Стасов еще какое-то время молчал и потом почти отчаянно сказал тихо:

– Да. Она там.

– Расскажи о ней.

– Она мать подсудимого.

– Очень хорошо. Что еще ты видишь?

Стасов смотрел только на мать, глаза ее черные горели яростью, когда он зачитывал приговор. Он не хотел видеть этого лица. Оно пугало его.

– Я выношу приговор о смертной казни. Ее сына уводят, – говорить Стасову становилось все сложнее.

Стася вытягивала из него слова щипцами. Ноги, подобранные под себя, затекли, но она боялась пошевелиться, чтобы не сбить его. Ей казалось, все идет как надо. У них получается.

– А теперь тебе надо уйти оттуда, ощутить себя в самом теплом и прекрасном для себя месте. В доме своей души. Там может быть светло или темно, там может быть как угодно, так, как хочешь ты, как полезно для тебя. Ты видишь такое место?

Стасов с радостью покинул зал заседаний и упал в блаженное тепло. Он раскачивался в колыбели мироздания. Пространство обнимало его, как сотня материнских рук.

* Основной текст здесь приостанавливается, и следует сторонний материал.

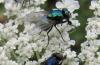 66427 – Photo : Elisabeth A. Harris – Royaume-Uni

– Я ничего не вижу, я только чувствую.

– Что ты чувствуешь?

– Тепло, радость. Мне очень радостно.

– Рядом с тобой есть кто-нибудь?

– Я чувствую кого-то, но не вижу.

– Что ты чувствуешь к тому, кто там с тобой?

– Это как доверие.

– Очень хорошо. Сейчас повторяй за мной: «Покажите мне, что за контракт связывает нас с Олей, что хочу я получить от нее, а она от меня, чтобы мы выполнили условия нашего договора». – Стасов повторил слово в слово. А потом он всхлипнул, в уголке глаза у него блеснуло, а лицо исказила гримаса боли. – Все хорошо, все так, как и должно быть. Вы большие молодцы. Скажи мне, что она хочет получить от тебя?

– Она хочет получить оправдание. Ей так нужно это оправдание, она нуждается в справедливости. Ей больно, оттого что я суров к ней. – Стасов, казалось, и правда ощущал сейчас ее боль.

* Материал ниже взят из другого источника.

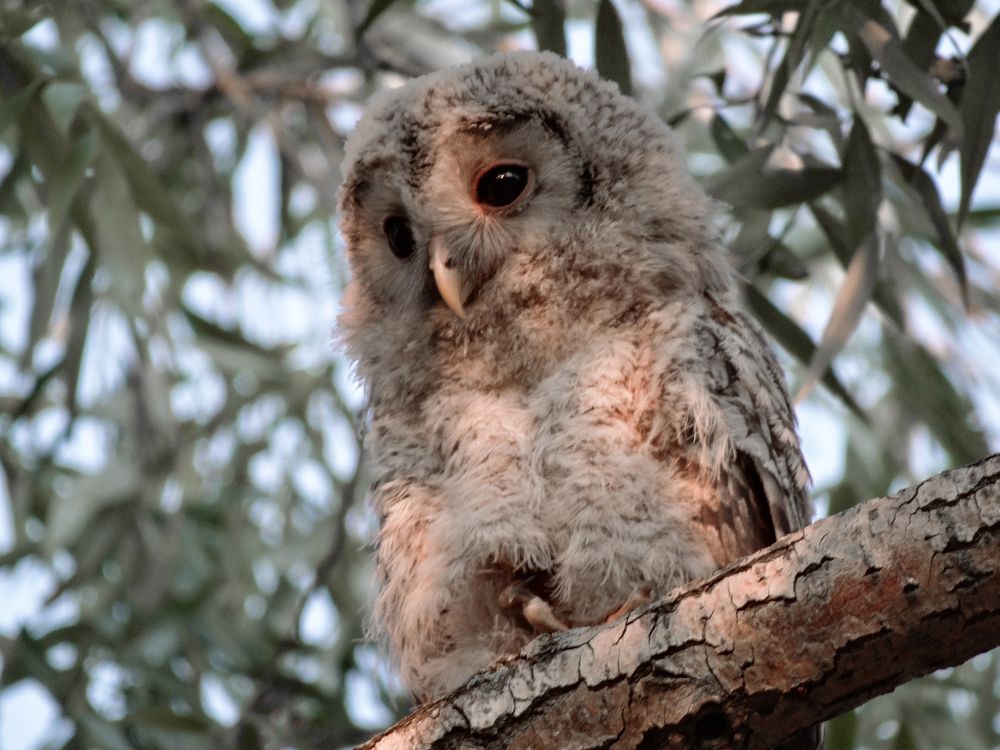 Грустный фил.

– А ты, чего хочешь от нее ты?

– Прощения. Я хочу прощения. Я отправил ее сына на казнь, его поджарили на электрическом стуле, он был невиновным парнем. – В своем забытье Стасов смог испытать всю ту боль, что только способна испытать мать, потерявшая ребенка. Он хотел плакать, но не мог. Ему хотелось перестать это чувствовать.

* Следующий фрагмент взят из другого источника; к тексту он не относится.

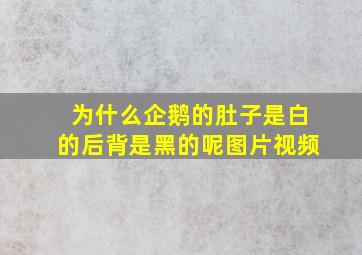 为什么企鹅的肚子是白的后背是黑的呢图片视频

– Сейчас вы оба находитесь там, где можете дать друг другу то, что нужно. Ощути, как даешь ей оправдание и справедливость всецело и искренне. Представь, что смотришь на тот зал суда через экран. Представь, что можешь прокрутить события назад и проиграть по-другому, так, как тебе хотелось бы. Это приходит из самой глубины тебя, ты можешь это в полной мере. У тебя получается?

Стасов улыбался.

– Да, я чувствую. – Он раз за разом прокручивал слайд, как бьет своим молотком по трибуне и с подсудимого снимают наручники. Мать бросается к нему и целует жадно, жалобно. Черный народ вскакивает со своих мест, кто-то подбрасывает в воздух шляпы. Всеобщее ликование заполняет зал заседания, и с его души падает камень.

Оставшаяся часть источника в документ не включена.